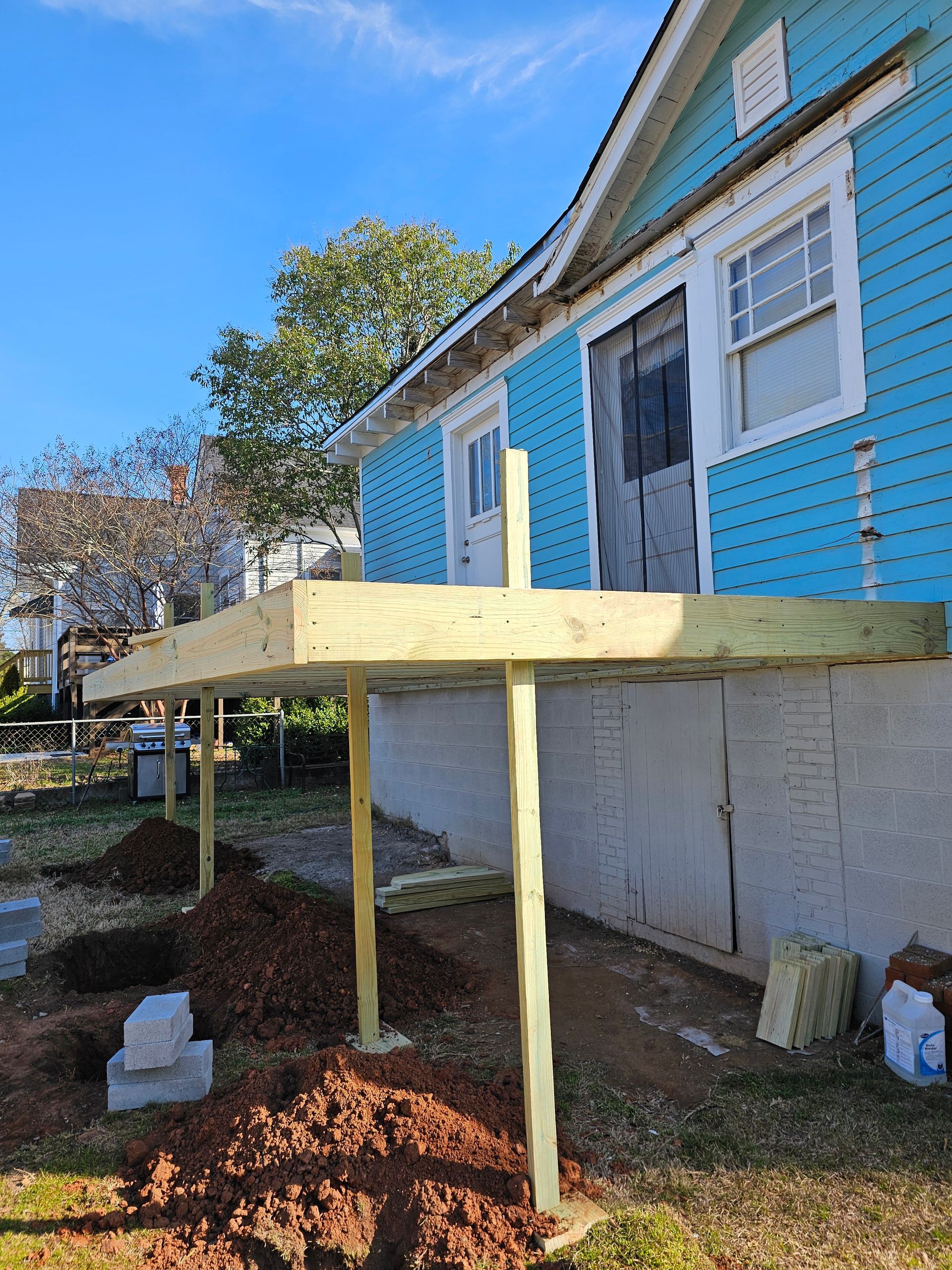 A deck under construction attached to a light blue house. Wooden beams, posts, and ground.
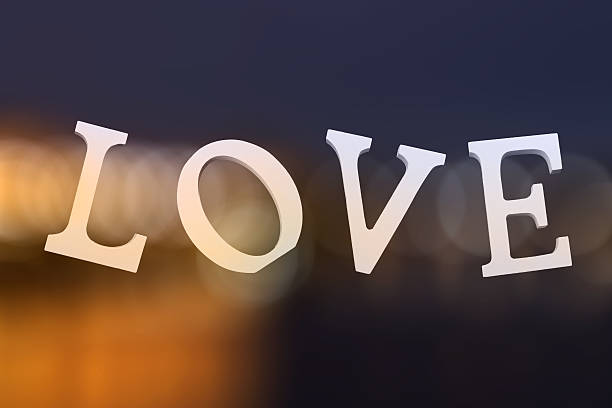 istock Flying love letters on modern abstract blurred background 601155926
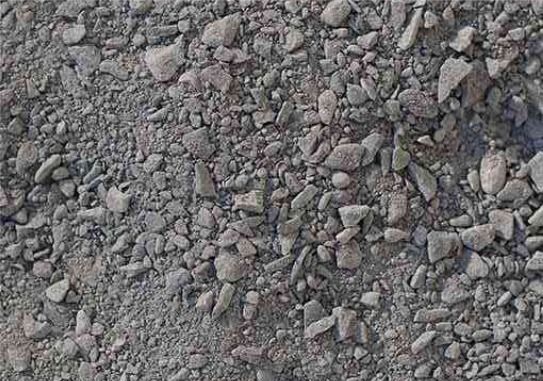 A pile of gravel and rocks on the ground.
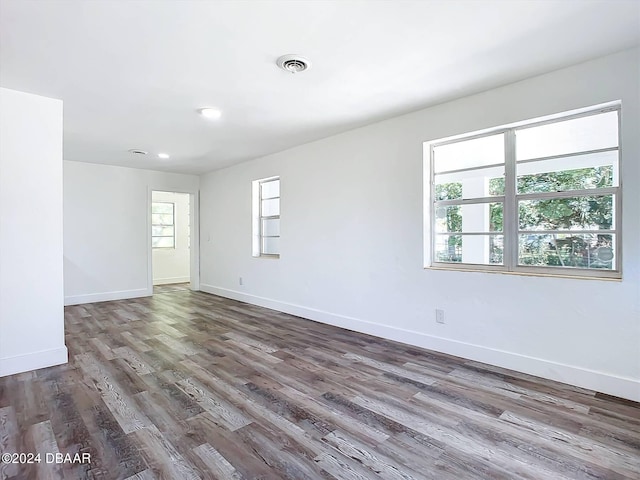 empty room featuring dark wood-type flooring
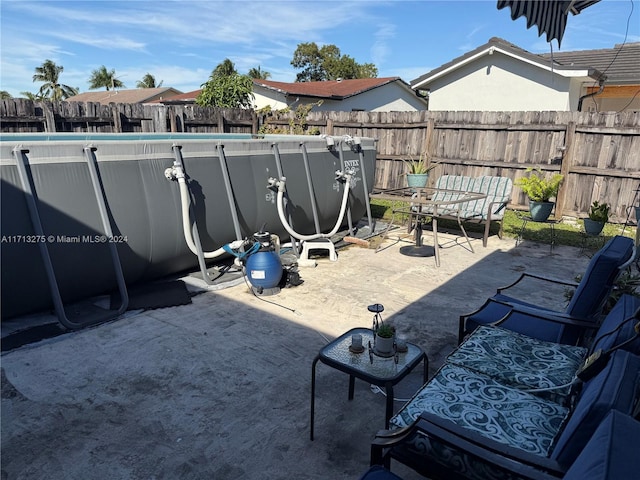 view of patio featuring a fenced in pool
--*--
_WHAT THE TASK ASKS_
I need the lines from the line holding "istock Flying love" through the end of the material, inclusive, restated word for word and without pictures.

_SOLUTION FOR THIS TASK_
 istock Flying love letters on modern abstract blurred background 601155926
 A pile of gravel and rocks on the ground.
 empty room featuring dark wood-type flooring
 view of patio featuring a fenced in pool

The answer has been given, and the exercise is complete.